Technical Overview: Kernel-Mode Wireless Frame Processing

The Windows Wi-Fi driver stack processes 802.11 wireless frames at kernel level before any user-space authentication occurs. Certain frame types, management frames and specific data frame subtypes, are parsed by the kernel driver as part of the fundamental wireless protocol operation, regardless of whether the device has associated with the network or authenticated to it.

CVE-2024-30078 involves improper input validation (consistent with a heap-based buffer overflow) in the parsing of a specific crafted wireless frame type.
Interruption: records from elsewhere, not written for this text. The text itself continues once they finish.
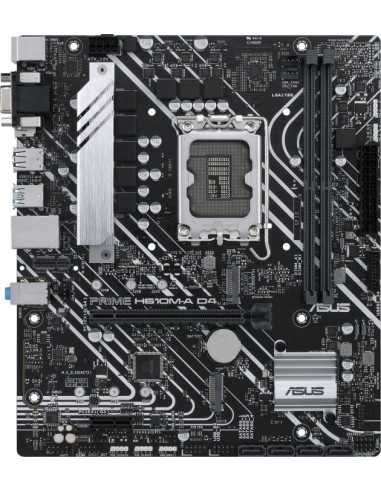 PRIME H610M-A D4-CSM, motherboard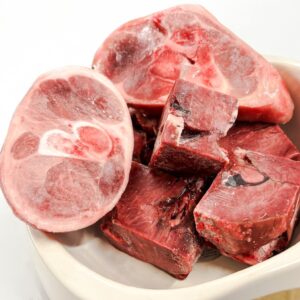Premium Raw - Lamb Bone in Chunks 1kg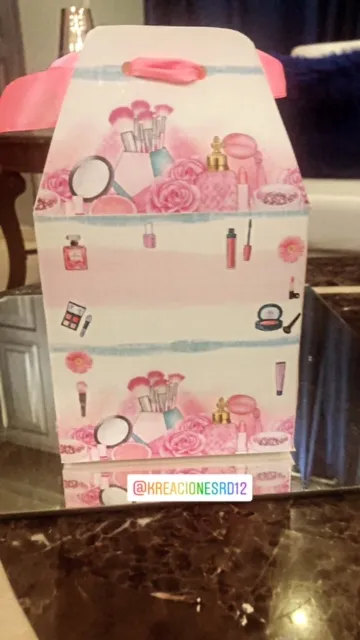 Cajitas de dulces (imagen 4)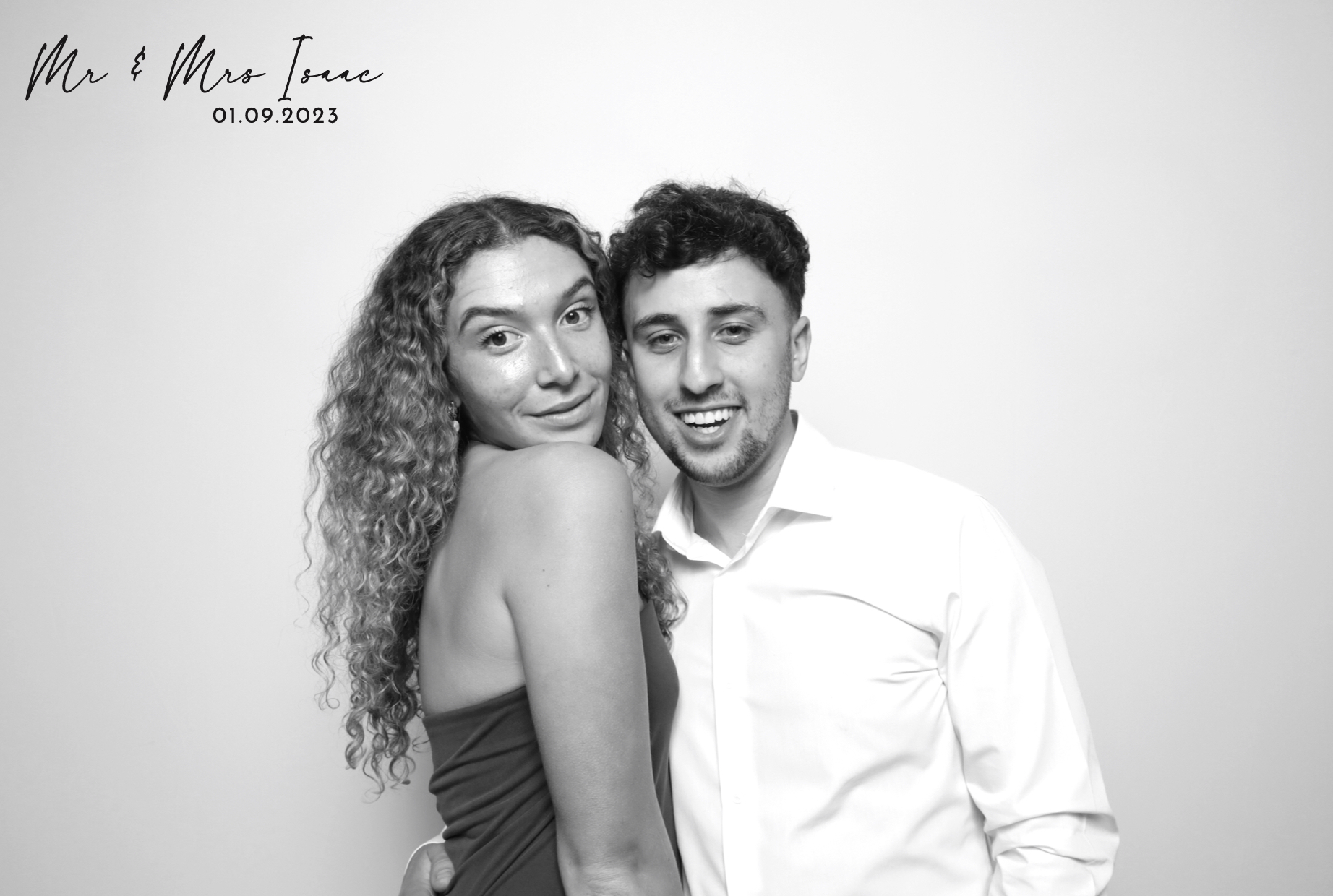 The Isaacs | View more photos from the event at images.mobile-photo-booth.com/u/MobilePhotoBoothUK/The-Isaacs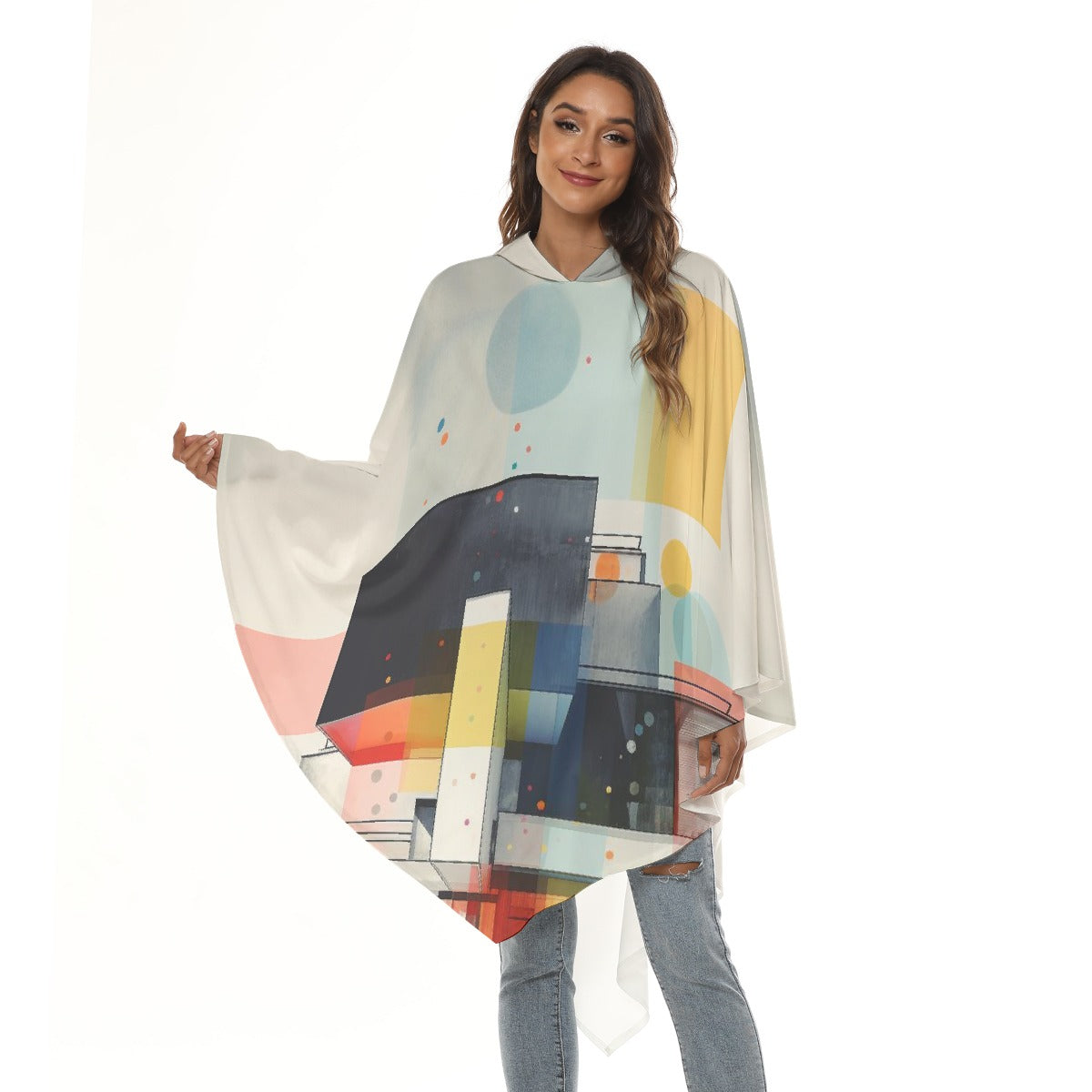 All-Over Print Unisex Cloak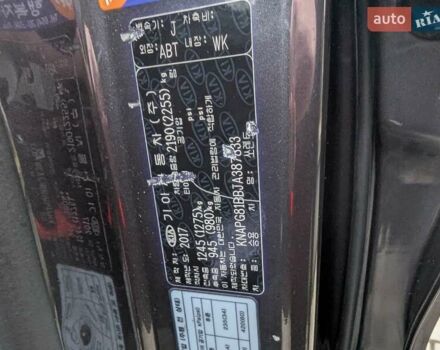 Серый Киа Соренто, объемом двигателя 2.2 л и пробегом 193 тыс. км за 21900 $, фото 31 на Automoto.ua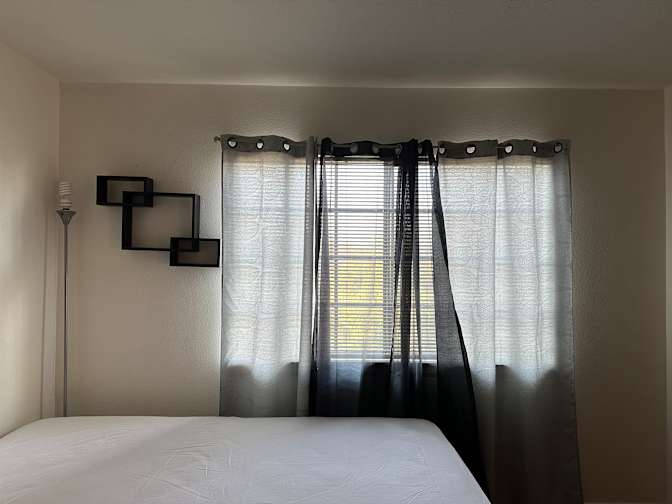 Kim's room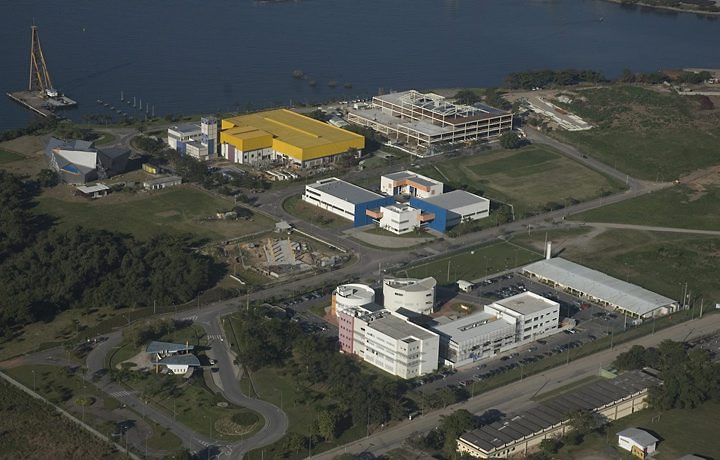 Parque Tecnológico da Ilha do Fundão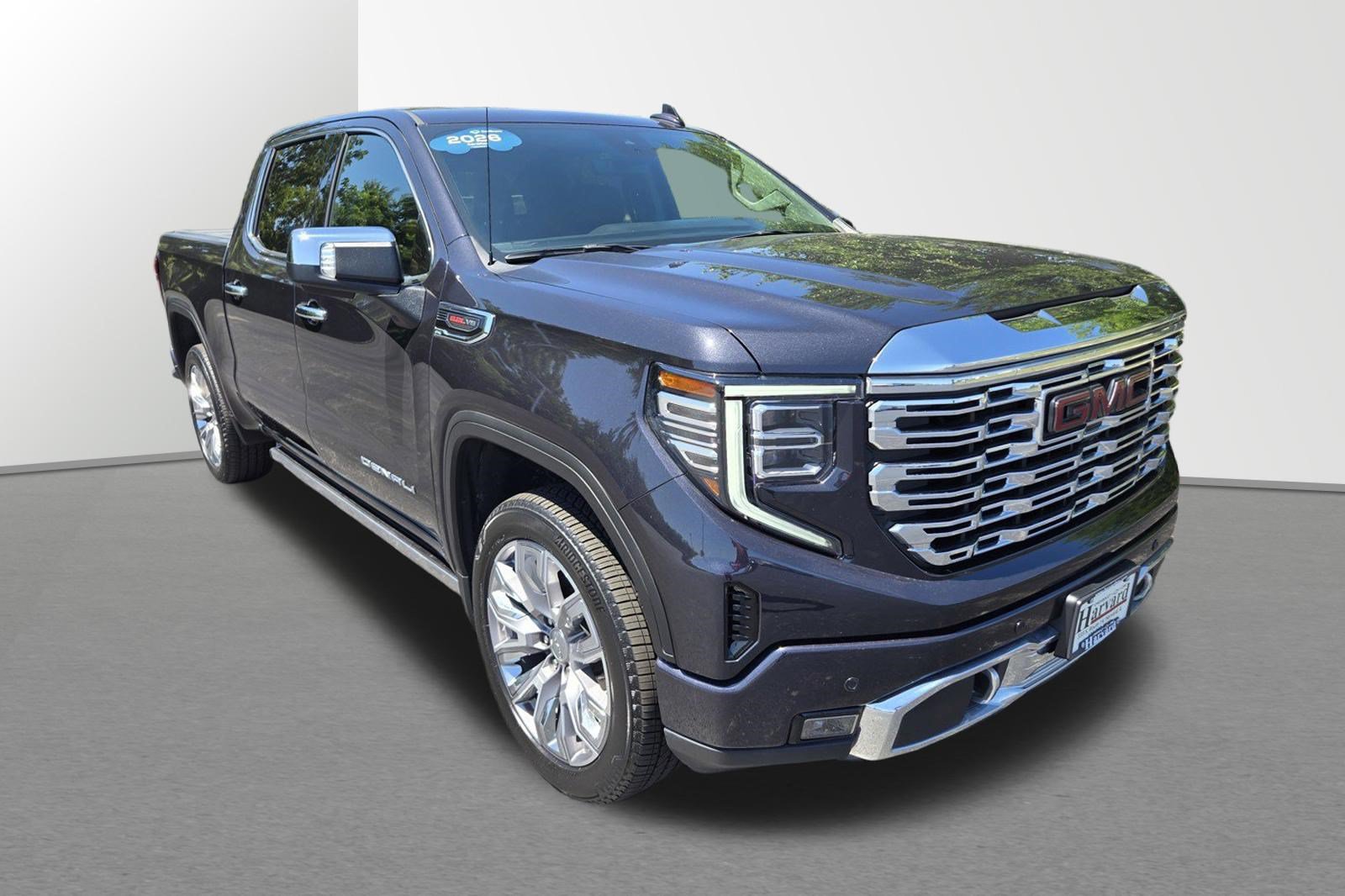 Certified 2026 GMC Sierra 1500 Denali w/ Denali Reserve Package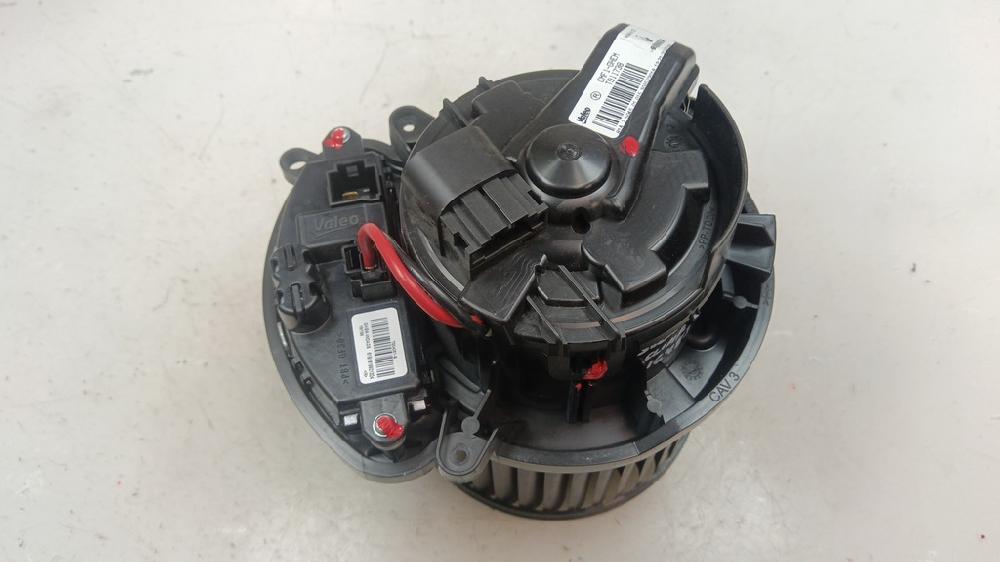 MOTOR CALEFACCION RENAULT SCENIC 1.3 MT 140CV | 103KW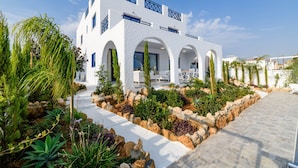 Terrace/patio - Panorama Blu Villa (Paralimni)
When the vulnerable Windows device receives this frame, passively, without any action from the user, the Wi-Fi kernel driver processes it and the memory corruption triggers controlled code execution.

Because the vulnerable code executes in kernel mode (Ring 0), successful exploitation yields the highest privilege level available to software, equivalent to full OS control, bypassing all user-space security boundaries.

The Rogue Access Point Threat

The CVSS Adjacent Network attack vector (AV:A) requires the attacker to be on the same Wi-Fi broadcast domain as the target. This is a lower barrier than it initially appears:

Public Wi-Fi: Any coffee shop, airport, hotel, or conference has multiple users sharing the same wireless broadcast domain. A malicious attendee at a security conference, business meeting, or trade show can target every unpatched Windows device on the network.

Rogue access points (evil twin): An attacker broadcasts a Wi-Fi SSID matching a commonly connected network name (home, corporate, hotel chains). Windows devices configured for auto-connect join the rogue AP without user action. The attacker now has adjacent network access to all connected devices and can immediately trigger CVE-2024-30078.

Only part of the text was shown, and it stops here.